DESCRIPTION OF THE TASK:
Wherever the listing holds a picture, leave it out, and copy the remainder exactly.

THE DATA:
[Start of Attachment]

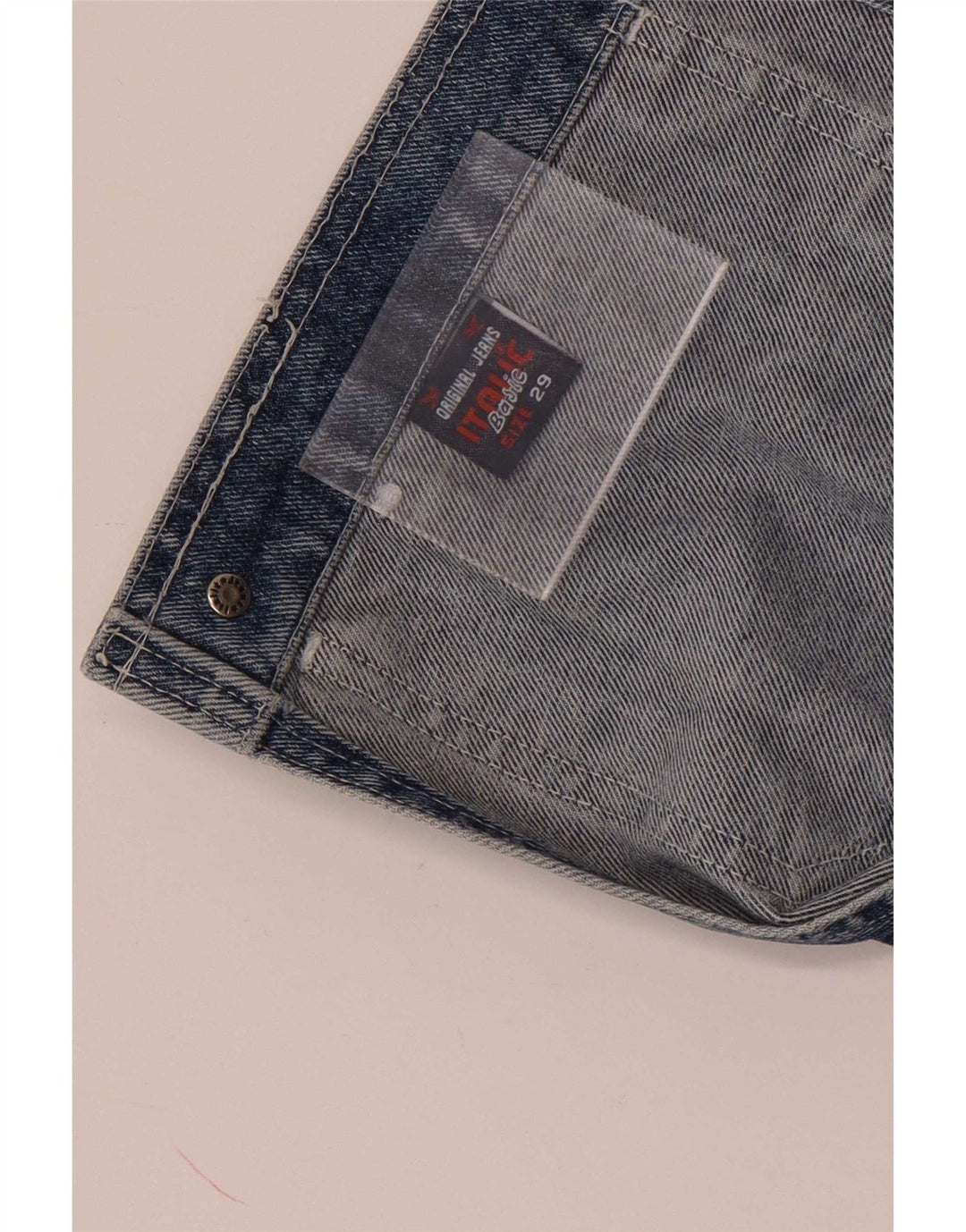 Vintage Damen Latzhose Jeans W29 L33 Blaue Baumwolle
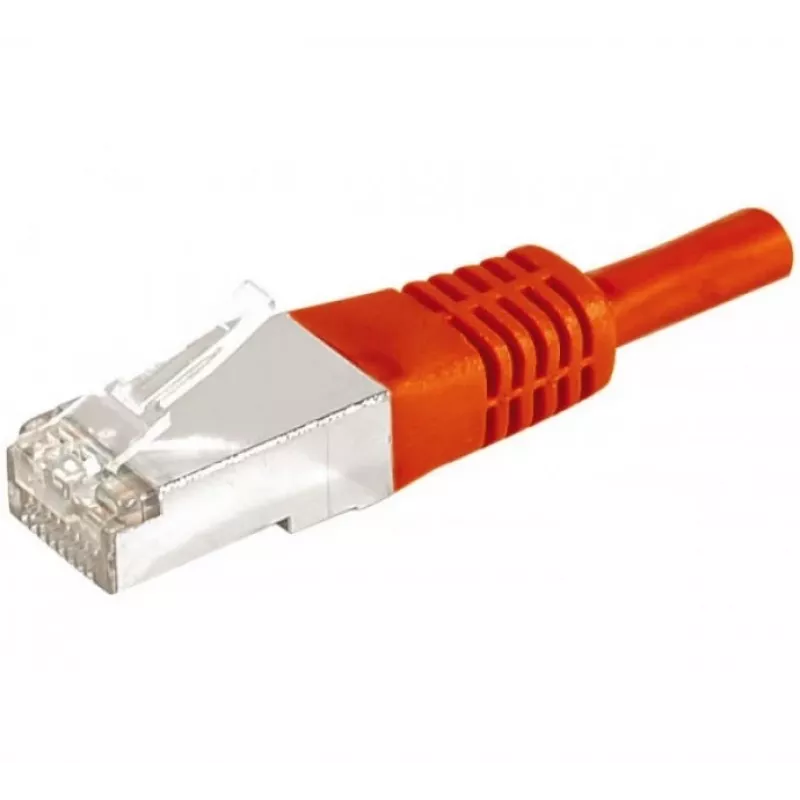Kabel krosowy Exertis Connect Cat6a F/UTP RJ45 z wąskim odciążeniem, 2 m, czerwony (859535)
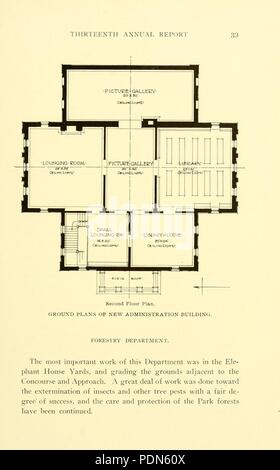 Rapport annuel de la New York Zoological Society (page 39) Banque D'Images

[End of Attachment]

RESPONSE TO THIS TASK:
 Vintage Damen Latzhose Jeans W29 L33 Blaue Baumwolle
Kabel krosowy Exertis Connect Cat6a F/UTP RJ45 z wąskim odciążeniem, 2 m, czerwony (859535)
 Rapport annuel de la New York Zoological Society (page 39) Banque D'Images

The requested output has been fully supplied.